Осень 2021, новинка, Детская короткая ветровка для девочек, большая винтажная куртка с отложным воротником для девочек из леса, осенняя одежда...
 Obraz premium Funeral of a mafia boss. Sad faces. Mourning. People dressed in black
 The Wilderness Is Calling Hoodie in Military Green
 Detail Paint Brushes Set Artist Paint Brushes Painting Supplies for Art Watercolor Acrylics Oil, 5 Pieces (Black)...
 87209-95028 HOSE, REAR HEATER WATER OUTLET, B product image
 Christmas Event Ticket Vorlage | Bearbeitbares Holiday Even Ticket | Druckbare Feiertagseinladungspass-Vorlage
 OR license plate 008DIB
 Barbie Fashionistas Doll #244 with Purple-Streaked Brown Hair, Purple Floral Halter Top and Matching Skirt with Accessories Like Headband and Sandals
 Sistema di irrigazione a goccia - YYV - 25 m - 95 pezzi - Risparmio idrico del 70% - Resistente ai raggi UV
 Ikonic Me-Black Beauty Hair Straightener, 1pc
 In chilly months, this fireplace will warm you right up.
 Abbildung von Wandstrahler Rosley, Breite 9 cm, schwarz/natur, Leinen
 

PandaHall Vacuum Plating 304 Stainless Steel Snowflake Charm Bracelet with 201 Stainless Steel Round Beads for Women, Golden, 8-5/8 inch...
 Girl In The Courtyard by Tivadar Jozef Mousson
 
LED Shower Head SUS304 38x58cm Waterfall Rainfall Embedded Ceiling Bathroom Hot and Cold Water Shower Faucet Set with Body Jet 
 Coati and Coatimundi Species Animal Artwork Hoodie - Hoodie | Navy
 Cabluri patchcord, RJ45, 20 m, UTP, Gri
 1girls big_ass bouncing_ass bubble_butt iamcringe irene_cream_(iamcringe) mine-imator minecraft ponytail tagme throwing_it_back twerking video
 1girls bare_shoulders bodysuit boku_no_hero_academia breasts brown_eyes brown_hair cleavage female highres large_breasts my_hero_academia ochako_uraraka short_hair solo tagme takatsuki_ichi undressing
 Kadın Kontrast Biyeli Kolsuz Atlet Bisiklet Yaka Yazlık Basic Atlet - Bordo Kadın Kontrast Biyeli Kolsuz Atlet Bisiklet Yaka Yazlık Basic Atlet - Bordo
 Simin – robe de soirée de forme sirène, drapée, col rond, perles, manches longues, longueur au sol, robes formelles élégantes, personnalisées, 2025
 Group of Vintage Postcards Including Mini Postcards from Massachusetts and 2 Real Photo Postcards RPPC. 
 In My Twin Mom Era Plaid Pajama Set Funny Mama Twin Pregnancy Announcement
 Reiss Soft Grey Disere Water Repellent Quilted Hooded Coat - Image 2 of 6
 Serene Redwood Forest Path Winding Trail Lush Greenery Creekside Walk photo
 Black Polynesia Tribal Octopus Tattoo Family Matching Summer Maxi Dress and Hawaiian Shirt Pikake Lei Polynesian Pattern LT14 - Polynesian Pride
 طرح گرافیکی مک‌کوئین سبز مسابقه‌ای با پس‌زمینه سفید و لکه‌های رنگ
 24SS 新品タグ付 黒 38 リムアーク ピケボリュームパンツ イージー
════════════════
▸ THE PROBLEM
Check each line of the entries above for the word "tagme". List the ones that have it.

▸ COMPLETED EXERCISE
 1girls big_ass bouncing_ass bubble_butt iamcringe irene_cream_(iamcringe) mine-imator minecraft ponytail tagme throwing_it_back twerking video
 1girls bare_shoulders bodysuit boku_no_hero_academia breasts brown_eyes brown_hair cleavage female highres large_breasts my_hero_academia ochako_uraraka short_hair solo tagme takatsuki_ichi undressing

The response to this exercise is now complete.